Rz. 64
An die von einem Stpfl. zu beachtende Sorgfalt dürfen generell keine überspannten Anforderungen gestellt werden. Bereits in einer Entscheidung des RG finden sich dazu folgende Grundsätze, die auch heute noch Gültigkeit haben, in der Praxis aber viel zu wenig Beachtung finden:
Es würde dem Geist der AO "überhaupt nicht entsprechen, bei Anwendung des § 402 [der allerdings bloße Fahrlässigkeit voraussetzte, Anm. Verf.] an den Stpfl. hinsichtlich des Maßes der zu beobachtenden Sorgfalt unbillige Anforderungen zu stellen; das gilt um so mehr, je weniger er bei der Neuheit oder Undurchsichtigkeit oder Mannigfaltigkeit der Steuervorschriften in der Lage ist, das Bestehen oder den Umfang einer Steuerpflicht zu erkennen [Anm. Verf.: Auch der BGH sah sich in einem Verfahren betreffend die Steuerberaterhaftung dazu motiviert, die Komplexität des Steuerrechts festzustellen]. Freilich entbindet ihn das nicht von einer etwaigen Erkundigungspflicht; aber auch in dieser Hinsicht darf von ihm nicht mehr verlangt werden, als ihm in seiner Lage bei gewissenhafter Rücksichtnahme auf die Möglichkeit des Bestehens einer Steuerpflicht vernünftigerweise zugemutet werden kann".

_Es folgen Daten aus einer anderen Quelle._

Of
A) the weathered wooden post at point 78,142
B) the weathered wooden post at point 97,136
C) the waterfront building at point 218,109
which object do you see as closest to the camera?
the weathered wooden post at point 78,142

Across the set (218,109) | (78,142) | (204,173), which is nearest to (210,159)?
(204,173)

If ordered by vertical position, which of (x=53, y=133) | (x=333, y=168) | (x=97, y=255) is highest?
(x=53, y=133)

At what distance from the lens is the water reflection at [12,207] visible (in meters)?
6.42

Insoweit lässt sich der Entscheidung des FG Mecklenburg-Vorpommern vom 26.2.2003 der allgemeine Rechtssatz entnehmen, dass dem steuerlichen Laien solche Umstände (im konkreten Fall: die gesetzliche Differenzierung zwischen ortsfesten und mobilen Verbrennungsöfen) nicht bekannt sein müssen, die selbst Berufsrichtern sowie den im jeweiligen Fachbereich hauptberuflich tätigen ehrenamtlichen Richtern unbekannt sind.

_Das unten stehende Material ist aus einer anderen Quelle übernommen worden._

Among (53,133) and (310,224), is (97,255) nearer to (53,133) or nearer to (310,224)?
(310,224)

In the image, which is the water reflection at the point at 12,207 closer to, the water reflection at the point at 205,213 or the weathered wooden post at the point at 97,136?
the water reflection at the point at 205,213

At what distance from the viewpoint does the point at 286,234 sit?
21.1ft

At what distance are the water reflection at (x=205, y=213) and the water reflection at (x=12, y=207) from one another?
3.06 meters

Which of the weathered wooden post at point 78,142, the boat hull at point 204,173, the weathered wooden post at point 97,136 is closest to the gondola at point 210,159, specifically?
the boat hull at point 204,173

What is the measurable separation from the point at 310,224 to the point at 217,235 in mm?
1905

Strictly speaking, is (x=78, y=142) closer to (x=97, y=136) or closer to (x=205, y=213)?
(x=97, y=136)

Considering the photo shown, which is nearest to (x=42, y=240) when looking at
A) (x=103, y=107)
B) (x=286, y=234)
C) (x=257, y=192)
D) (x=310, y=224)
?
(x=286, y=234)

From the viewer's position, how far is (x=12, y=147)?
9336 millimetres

Wenn ein Formular lediglich die gesetzliche Überschrift eines Paragraphen des EStG (z.B.: Anlage V – Einkünfte aus Vermietung und Verpachtung) wiederholt und sich hiermit begnügt, ohne weitere Erläuterungen zu geben, so kann es dem Stpfl., der keine steuerrechtliche Vorbildung genossen hat, nicht zum Nachteil gereichen, wenn er nicht über das erforderliche Wissen verfügt, um den ihn betreffenden Sachverhalt unter die entsprechende Norm zu subsumieren. Jedenfalls kann hierin nicht der Vorwurf grober Fahrlässigkeit begründet liegen.
Im Einzelfall kann ein Fehler beim Ausfüllen der Erklärung den Vorwurf der Leichtfertigkeit begründen (vgl. zu Fehlern beim Ausfüllen der Einkommensteuererklärung bei zuvor zutreffender Feststellungserklärung BFH vom 23.7.2013; s. hierzu Rz. 34). Kriterien hierfür sind z.B. das Ausmaß des Fehlers (insb. in Relation zu den sonstigen Besteuerungsgrundlagen), ob es sich um Angaben handelt, deren steuerliche Relevanz auf der Hand liegt, nach denen im Formular ausdrücklich gefragt wird, ob die Erklärung durch den Fehler leicht erkennbar unplausibel wird, ob der Berater bestimmte Fragen diesbezüglich gestellt hat oder die berufliche und intellektuelle Qualifikation des Stpfl. Erkennt der Stpfl. allerdings nach Ergehen des Bescheids, dass die Erklärung unzutreffend gewesen war, so besteht die Korrekturpflicht gem. § 153 AO, deren Verletzung eine Hinterziehung durch Unterlassen begründen kann. Dann erledigt sich hierdurch die Diskussion um die Leichtfertigkeit im Einzelfall. Hingegen kann eine Garantenpflicht, welche eine Richtigstellung bereits aufgrund leichtfertigen Vorverhaltens oder leichtfertigen Nichterkennens im Zeitpunkt der Bescheidbekanntgabe verlangen würde, nicht begründet werden. Eine solche Garantenpflicht würde die besonderen Voraussetzungen des § 153 AO umgehen.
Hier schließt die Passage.